These maps created by Genevieve Siegel-Hawley correspond to her book:
Siegel-Hawley, G. (2016). When the Fences Come Down: Twenty-First-Century Lessons from Metropolitan School Desegregation. Chapel Hill: UNC Press, ISBN 978-1-4696-2783-0.
Based on widely differing experiences with city-suburban school desegregation in Richmond, Virginia, Louisville, Kentucky, Charlotte, Mecklenburg, North Carolina, and Chattanooga, Tennessee between 1990 and 2010, the book relies on quantitative data and maps to both underscore the damages wrought by school district boundary lines and raise awareness about communities that have sought to counteract them. When the Fences Come Down shows that city-suburban school desegregation policy is related to clear-cut progress on both school and housing desegregation. In an era largely preoccupied with accountability and school choice, the book revisits educational policies that in many cases were abruptly halted—or never begun—to spur an open conversation about the creation of the healthy, integrated schools and communities critical to our multiracial future.

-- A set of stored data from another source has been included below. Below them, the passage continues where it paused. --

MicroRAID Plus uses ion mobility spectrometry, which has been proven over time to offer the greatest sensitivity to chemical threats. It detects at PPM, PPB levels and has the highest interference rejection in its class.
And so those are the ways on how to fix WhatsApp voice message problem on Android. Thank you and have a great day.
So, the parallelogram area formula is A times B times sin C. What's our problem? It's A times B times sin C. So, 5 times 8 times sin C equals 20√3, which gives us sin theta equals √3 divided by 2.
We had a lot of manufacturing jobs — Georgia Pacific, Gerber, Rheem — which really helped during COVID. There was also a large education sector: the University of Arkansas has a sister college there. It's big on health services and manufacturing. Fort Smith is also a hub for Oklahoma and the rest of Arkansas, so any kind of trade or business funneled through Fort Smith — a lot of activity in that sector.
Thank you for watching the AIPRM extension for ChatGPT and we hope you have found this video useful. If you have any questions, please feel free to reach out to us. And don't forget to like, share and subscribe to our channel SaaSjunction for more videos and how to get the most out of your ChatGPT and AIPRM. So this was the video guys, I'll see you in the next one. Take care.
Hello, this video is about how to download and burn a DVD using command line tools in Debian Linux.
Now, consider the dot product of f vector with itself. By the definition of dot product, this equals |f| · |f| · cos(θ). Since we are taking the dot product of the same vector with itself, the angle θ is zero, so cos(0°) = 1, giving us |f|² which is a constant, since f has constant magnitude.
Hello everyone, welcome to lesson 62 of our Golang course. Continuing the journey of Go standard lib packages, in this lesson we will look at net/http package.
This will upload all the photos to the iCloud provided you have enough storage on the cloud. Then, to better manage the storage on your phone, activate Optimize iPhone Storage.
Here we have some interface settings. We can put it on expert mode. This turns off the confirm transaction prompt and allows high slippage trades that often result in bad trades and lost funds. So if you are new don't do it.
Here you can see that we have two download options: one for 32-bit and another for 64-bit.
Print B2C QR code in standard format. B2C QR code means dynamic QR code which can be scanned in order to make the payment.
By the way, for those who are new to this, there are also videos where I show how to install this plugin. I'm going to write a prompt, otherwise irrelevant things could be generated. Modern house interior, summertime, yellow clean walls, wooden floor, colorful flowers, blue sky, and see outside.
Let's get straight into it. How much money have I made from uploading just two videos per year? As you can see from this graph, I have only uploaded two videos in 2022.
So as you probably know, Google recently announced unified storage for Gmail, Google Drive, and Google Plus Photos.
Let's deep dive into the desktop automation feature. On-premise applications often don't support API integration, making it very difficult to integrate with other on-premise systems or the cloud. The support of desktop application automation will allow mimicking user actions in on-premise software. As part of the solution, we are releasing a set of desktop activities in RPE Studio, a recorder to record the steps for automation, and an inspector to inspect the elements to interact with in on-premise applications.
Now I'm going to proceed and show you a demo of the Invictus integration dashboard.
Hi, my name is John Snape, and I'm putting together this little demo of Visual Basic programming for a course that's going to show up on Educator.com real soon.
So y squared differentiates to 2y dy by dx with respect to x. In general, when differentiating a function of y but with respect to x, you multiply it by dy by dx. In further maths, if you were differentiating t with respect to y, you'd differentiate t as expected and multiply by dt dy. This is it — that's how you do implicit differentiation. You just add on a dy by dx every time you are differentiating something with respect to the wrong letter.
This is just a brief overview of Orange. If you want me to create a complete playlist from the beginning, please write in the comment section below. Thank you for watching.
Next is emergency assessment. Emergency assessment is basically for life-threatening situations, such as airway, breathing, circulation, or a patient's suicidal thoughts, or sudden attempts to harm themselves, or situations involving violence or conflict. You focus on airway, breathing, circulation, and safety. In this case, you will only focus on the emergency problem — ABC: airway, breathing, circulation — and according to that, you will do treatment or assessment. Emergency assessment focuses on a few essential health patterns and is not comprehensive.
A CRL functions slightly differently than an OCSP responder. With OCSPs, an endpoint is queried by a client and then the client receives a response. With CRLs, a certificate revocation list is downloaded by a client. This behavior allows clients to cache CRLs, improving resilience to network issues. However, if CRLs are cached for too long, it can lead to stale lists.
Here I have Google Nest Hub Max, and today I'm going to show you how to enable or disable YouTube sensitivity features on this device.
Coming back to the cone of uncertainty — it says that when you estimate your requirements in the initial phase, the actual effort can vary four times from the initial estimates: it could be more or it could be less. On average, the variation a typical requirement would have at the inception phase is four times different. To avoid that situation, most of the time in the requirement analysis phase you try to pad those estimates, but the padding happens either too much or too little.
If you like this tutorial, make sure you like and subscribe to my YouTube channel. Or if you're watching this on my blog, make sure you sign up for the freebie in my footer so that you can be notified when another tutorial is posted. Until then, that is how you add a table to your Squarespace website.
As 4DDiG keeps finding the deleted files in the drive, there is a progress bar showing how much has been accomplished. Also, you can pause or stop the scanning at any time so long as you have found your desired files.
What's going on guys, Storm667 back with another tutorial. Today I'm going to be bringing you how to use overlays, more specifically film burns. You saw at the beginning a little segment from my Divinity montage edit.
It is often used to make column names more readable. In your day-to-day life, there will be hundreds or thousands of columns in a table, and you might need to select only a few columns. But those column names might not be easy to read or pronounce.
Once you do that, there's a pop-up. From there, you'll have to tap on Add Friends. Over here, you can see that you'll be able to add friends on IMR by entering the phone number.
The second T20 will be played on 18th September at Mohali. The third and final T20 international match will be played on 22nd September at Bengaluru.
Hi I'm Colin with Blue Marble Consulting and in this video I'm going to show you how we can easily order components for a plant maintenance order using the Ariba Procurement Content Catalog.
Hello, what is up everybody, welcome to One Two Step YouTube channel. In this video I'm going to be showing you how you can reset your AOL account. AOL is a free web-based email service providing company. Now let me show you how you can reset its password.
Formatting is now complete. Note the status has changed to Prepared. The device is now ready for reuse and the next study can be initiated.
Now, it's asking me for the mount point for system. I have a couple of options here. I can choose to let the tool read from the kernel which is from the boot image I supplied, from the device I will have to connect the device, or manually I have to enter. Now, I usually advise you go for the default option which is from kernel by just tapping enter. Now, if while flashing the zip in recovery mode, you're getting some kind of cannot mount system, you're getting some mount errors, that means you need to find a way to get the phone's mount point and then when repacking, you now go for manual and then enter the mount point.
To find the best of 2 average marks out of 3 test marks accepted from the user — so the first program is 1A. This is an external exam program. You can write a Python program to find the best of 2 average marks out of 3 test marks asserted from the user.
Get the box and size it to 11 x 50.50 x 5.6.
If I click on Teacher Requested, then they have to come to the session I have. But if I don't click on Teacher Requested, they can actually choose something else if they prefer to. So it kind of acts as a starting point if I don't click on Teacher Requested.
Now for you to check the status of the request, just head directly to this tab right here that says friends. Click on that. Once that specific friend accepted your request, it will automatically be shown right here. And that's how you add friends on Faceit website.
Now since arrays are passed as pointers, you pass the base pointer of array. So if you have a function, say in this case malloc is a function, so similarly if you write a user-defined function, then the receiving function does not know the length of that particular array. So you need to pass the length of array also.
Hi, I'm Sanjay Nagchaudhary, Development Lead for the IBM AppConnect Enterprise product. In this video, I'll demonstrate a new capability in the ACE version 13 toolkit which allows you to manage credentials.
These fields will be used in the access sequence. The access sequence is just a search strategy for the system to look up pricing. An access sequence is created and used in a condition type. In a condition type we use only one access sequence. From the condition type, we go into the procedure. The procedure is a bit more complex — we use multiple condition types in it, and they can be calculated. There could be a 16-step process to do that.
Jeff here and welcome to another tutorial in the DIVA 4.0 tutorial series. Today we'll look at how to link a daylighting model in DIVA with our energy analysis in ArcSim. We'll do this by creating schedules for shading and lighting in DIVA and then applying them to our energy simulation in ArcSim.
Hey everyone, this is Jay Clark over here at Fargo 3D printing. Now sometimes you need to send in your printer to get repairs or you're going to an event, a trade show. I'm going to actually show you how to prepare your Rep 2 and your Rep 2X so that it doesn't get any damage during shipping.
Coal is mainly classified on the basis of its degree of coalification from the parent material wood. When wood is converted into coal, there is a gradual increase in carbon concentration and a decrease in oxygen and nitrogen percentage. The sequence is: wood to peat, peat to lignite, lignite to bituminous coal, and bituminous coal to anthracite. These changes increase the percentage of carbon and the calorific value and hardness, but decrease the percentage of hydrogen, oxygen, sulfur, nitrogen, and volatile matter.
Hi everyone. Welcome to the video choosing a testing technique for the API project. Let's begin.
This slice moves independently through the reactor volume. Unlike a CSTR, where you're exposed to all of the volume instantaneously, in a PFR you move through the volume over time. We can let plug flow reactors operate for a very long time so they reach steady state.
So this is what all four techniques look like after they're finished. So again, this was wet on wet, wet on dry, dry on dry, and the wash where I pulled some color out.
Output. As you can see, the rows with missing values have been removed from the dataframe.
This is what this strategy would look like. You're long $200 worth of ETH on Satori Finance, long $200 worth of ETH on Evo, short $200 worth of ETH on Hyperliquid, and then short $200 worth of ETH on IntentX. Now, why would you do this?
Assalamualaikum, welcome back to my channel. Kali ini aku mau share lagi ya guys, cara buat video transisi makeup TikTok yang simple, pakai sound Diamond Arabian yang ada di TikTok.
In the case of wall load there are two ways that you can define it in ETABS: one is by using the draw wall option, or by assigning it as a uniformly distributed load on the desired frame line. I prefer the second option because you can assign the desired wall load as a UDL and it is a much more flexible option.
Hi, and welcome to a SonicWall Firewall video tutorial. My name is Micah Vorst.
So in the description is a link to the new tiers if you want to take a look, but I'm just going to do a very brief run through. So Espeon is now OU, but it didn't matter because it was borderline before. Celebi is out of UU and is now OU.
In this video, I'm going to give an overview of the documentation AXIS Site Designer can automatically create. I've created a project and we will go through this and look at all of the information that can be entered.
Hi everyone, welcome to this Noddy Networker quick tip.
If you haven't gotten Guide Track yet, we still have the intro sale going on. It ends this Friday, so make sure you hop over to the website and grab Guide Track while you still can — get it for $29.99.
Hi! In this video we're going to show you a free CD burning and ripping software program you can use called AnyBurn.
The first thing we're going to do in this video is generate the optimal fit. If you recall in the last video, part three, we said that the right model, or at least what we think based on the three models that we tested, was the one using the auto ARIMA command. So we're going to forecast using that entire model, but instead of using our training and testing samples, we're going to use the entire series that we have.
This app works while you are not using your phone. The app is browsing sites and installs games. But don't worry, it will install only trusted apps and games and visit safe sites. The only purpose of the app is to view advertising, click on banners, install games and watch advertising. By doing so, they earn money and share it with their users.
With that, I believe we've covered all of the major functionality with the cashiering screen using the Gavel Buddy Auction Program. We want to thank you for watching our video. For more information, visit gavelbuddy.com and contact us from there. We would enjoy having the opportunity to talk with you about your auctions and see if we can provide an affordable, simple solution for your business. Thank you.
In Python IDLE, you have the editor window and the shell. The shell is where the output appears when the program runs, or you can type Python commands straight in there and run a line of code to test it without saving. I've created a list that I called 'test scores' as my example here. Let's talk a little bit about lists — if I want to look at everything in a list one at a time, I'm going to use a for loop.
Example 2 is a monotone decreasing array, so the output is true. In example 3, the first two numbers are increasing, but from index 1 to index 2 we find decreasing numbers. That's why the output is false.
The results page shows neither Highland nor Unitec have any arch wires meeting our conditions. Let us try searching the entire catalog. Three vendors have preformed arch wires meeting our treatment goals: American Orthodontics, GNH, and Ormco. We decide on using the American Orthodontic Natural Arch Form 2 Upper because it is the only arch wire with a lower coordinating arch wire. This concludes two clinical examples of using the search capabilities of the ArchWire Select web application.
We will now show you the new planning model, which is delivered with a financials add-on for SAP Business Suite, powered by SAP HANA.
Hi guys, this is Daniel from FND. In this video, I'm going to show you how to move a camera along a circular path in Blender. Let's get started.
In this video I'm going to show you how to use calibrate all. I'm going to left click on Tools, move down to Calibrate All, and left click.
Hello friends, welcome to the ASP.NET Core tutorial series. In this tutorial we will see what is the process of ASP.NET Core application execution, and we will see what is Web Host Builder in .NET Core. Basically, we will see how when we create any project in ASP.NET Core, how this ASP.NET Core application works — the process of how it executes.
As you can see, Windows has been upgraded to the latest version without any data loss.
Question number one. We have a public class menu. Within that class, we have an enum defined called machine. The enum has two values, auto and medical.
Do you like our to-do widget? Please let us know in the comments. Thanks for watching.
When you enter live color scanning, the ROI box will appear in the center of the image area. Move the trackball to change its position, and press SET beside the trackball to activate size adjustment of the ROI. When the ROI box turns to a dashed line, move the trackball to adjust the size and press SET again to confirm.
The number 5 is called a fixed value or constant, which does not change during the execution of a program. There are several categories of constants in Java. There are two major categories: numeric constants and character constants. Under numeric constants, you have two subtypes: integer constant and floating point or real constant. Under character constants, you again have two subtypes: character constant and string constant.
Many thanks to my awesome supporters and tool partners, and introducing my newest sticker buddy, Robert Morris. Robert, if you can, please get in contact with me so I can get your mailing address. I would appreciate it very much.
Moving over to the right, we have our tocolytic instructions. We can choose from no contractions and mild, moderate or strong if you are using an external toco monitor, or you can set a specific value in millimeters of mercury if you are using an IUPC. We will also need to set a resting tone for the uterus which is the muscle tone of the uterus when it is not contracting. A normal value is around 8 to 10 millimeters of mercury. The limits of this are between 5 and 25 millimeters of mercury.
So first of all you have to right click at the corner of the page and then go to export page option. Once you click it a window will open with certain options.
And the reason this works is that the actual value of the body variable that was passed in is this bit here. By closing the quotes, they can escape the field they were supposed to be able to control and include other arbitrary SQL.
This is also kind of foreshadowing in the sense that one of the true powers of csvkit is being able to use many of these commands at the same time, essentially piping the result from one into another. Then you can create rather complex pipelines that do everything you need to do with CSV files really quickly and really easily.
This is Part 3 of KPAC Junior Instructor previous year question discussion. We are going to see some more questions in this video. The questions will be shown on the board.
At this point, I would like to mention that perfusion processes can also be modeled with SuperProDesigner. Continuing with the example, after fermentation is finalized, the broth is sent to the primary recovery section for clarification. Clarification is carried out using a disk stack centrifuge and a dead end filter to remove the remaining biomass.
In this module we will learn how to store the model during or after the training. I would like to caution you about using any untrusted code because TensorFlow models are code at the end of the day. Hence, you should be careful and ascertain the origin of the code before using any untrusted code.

Previous versions and discussion of these maps have also appeared in:
Siegel-Hawley, G. (2013). “City Lines, County Lines, Color Lines: The Relationship between School and Housing Segregation in Four Metro Areas”, Teachers College Record, 115(6), 1-45.
Siegel-Hawley, G. (2014). “Mitigating Milliken? School District Boundary Lines and Desegregation Policy in Four Southern Metros, 1990-2010", American Journal of Education, 201(3), 391-433.